Responsible Travel goes to the Arctic Circle

One of the most exciting things about working at Responsible Travel is getting to learn how other organisations, companies and campaigners around the world are working to promote responsible tourism in different ways, and to raise awareness in their own countries and communities. As a company, we love to lead the way in promoting responsible tourism – but we also love to know we are part of a far bigger movement that is growing in size and influence every day.

Vicki presenting
Vicki Brown discussing animal welfare. Photo credit: Karoliina Majuri
In June 2017 I was invited to a seminar on animal welfare in tourism by the University of Lapland, based in Rovaniemi, Finland. Rovaniemi is famous for being the home of Father Christmas – although just a few days shy of the summer solstice, with 24-hour sunlight, newly green forests and Finns cooling off at streetside cafes with ice creams, it looked far less festive than I had imagined! However, while Santa’s elves may have headed off on their holidays, the reindeer remain a fundamental part of life around the Arctic Circle all year round. They play an important part in local livelihoods – their meat, hides and antlers are all used – and they are an essential part of local tourism. So, too, are huskies, which were not traditionally used in Finland, but have become popular in recent years as tourism has grown rapidly and visitors want to take dog sled rides through the Christmas card scenery each winter. Across the region, husky farms have sprung up, with anything from around 50 to 500 dogs.

At Responsible Travel, husky sledding is one of our most popular winter activities. Customers sometimes question the ethics of “forcing” dogs to pull sleds; although the truth is that the huskies, like all working dogs, are unbelievably excited by their “work”, and bark in anticipation as soon as they catch a glimpse of the sled. The real concern, I learned in Rovaniemi, is what happens to the dogs when they are not working. Husky sledding is a highly seasonal activity, offered for just four or five months of the year – yet the farmers must feed and care for the dogs all year round, paying staff and vets to look after them, and ensuring they get enough exercise through the snowless summer months.

Husky dogs
Vicki Brown with husky pups. Photo credit: Karoliina Majuri

Currently, the legal standards for the welfare of these animals are minimal – something which is being challenged by the researchers at the University of Lapland, as well as by responsible husky tour operators such as Hetta Huskies. This superb company won the Gold Award in the Animal Welfare Initiative category in the 2015 World Responsible Tourism Awards for their tireless work to educate husky farmers and local communities, as well as to rescue and rehome huskies.

Another big concern at the seminar was the Catch-22 situation of the increase in tourist numbers in what is promoted as a wilderness area. Finnish Lapland is one of Europe’s last great wild places – densely forested, home to bears, wolves, and elk, and with a population of just 180,000 people in an area measuring over 100,000km2. This is hugely appealing to those of us who live and work in busy cities. Local residents, too, told me repeatedly how they treasure the silence that can be found here – as well as the pristine nature of the forests and lakes, and the ability to forage for berries and mushrooms, to fish and to hunt birds for food. But as more tourists arrive, they risk destroying the very wilderness and silence that they came for in the first place.
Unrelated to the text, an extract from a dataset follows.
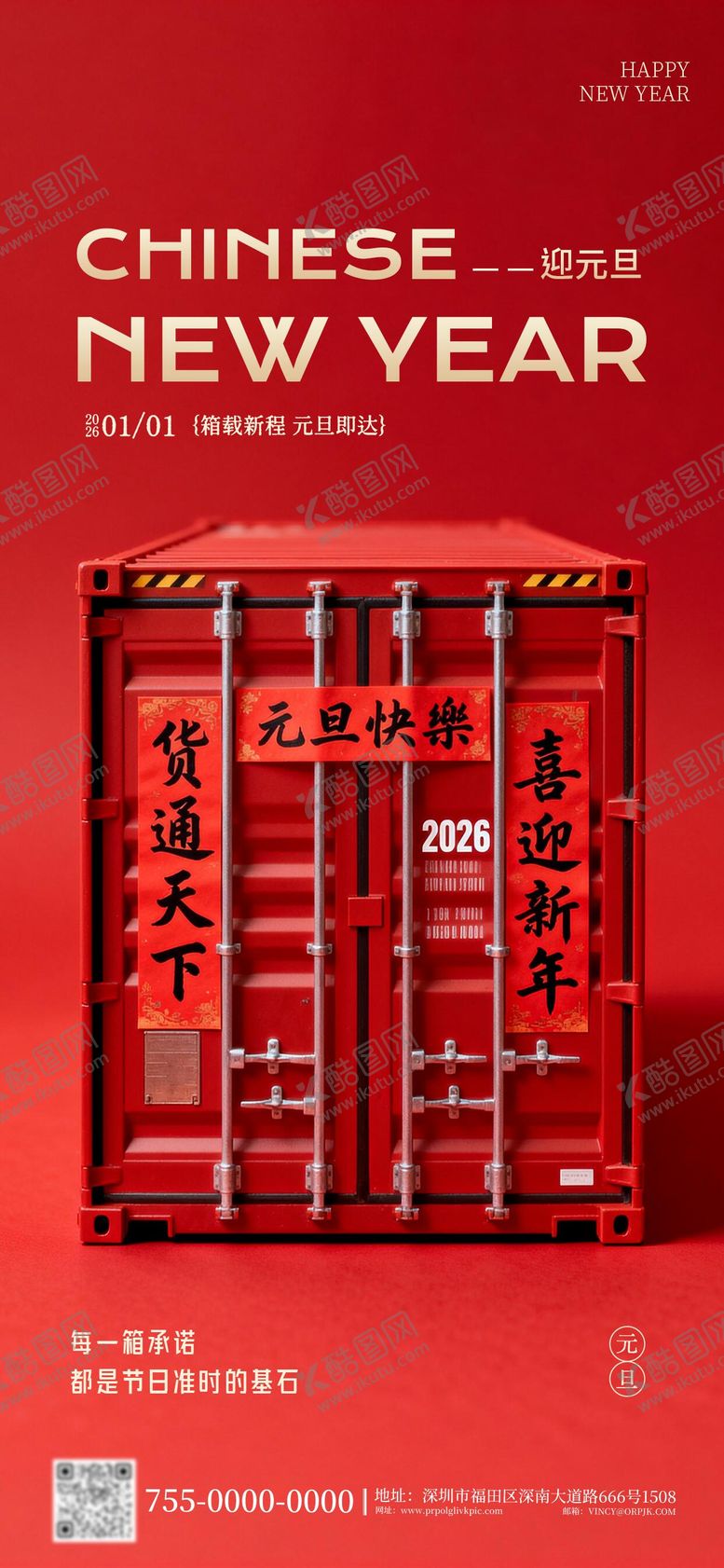 编号：29343812270206537680【酷图网】源文件下载-海运物流行业元旦海报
The seminar was a space for the tour operators to share their concerns, to learn from each other and from the researchers, and to hear examples of how companies featured on Responsible Travel have dealt successfully with similar challenges. Encouraging more tourism in the quiet summer months would allow tourist numbers to increase, without putting extra pressure on the already busy winter season. It would also allow dogs to exercise more at this time. Keeping group sizes small and significantly raising prices are controversial decisions – but at Responsible Travel, we believe that people should understand the true value of wilderness and keeping nature pristine, and paying more is one way to do this. The world’s population is growing but our available land remains the same; its value is increasing whether we like it or not.

Seminar for tour operators. Photo credit: Karoliina Majuri

I was encouraged by how passionate the Finnish people were about preserving their unique natural surroundings, and their love of their dogs and reindeer. The issues discussed in Lapland were very relevant to the local people. However, they are also variations of the challenges that tourism faces in every part of the world, whether in deserts, mountains, rainforests or cities: overtourism, animal welfare, the conservation of wildlife and habitats, and the intrusion into local culture and communities. I think that by sharing their concerns and experiences, tour operators, tourist boards and activists can learn from each other and successfully overcome these difficulties to make tourism more sustainable and beneficial to local communities and environments. The Finns may love their silence, but I was heartened that they were not willing to hold their peace when it came to preserving the incredible wilderness they are lucky enough to call home.